On the first day of spring last week, two blue balloons bobbed in a chill breeze outside a white Cape in our suburban neighborhood. Blue crepe paper streamers decorated the front hedge, and a handmade sign heralded the news many neighbors had been awaiting: "It's A Boy!!!"
With the arrival of little Andrew Robert on St. Patrick's Day ("He's not a bit Irish, but he'll always have a parade on his birthday," his mother says with a laugh), the owners of this neatly-kept house have gone from being DINKs - dual-income, no kids - to being first-time parents.

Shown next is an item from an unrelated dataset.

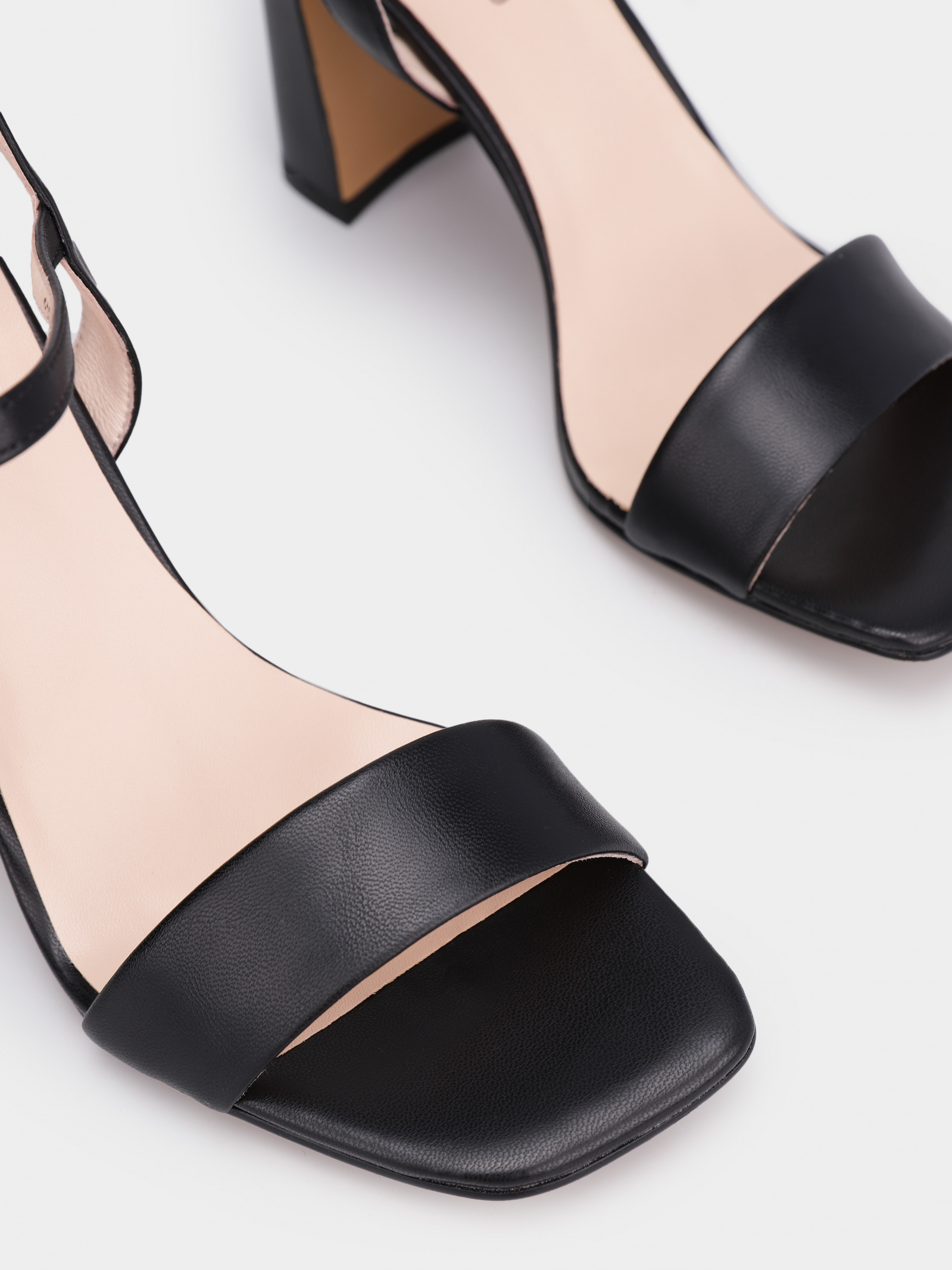Sandals Women's Braska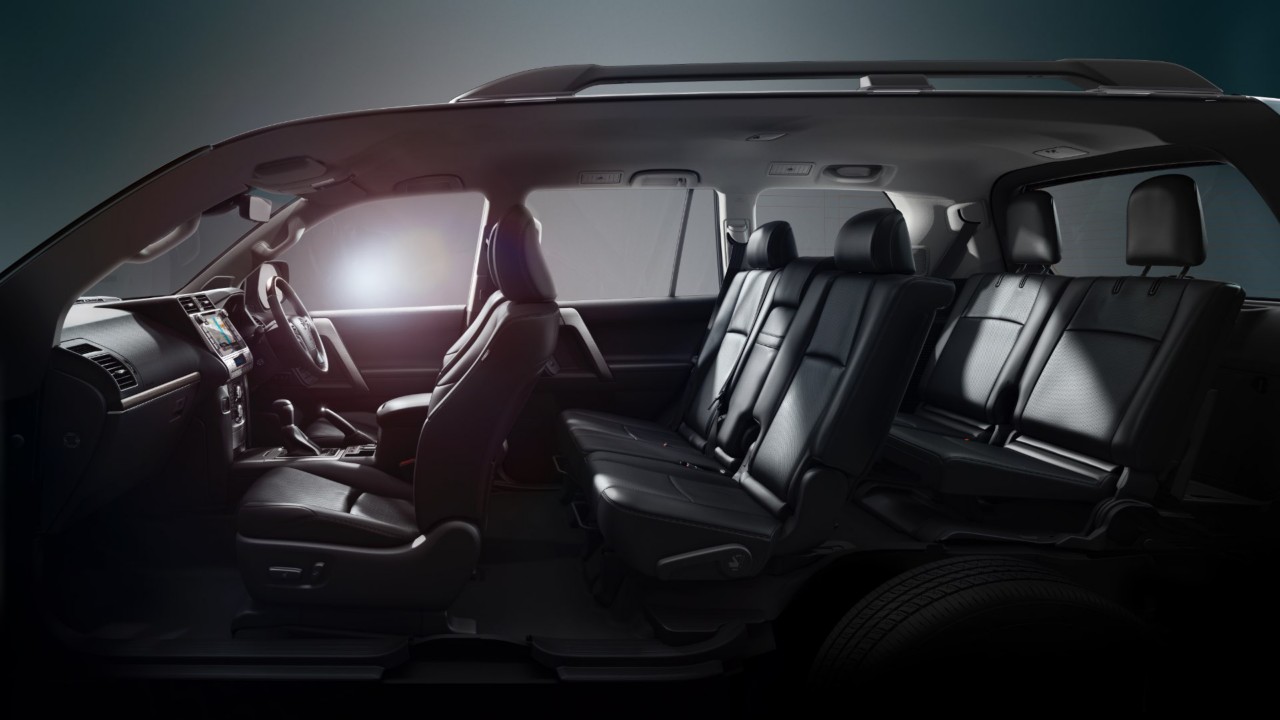 Toyota Land Cruiser interior seats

They have also helped to create a mini-baby boom in the neighborhood: Within three months, three boys have been born on their block alone.
Andrew's elated parents - his father an engineer, his mother a nurse - are in their early 30s and have been married five years. As such, they neatly fit a Census Bureau profile released two weeks ago showing the median age of first marriages standing at a record high - 26.7 years for men, 24.5 for women.
The couple also helps put a face on another new portrait of the American family released this month, claiming the traditional two-parent family is making a comeback. That report, by the Population Reference Bureau Inc., in Washington, shows increases in the number of two-parent households with children and a declining divorce rate.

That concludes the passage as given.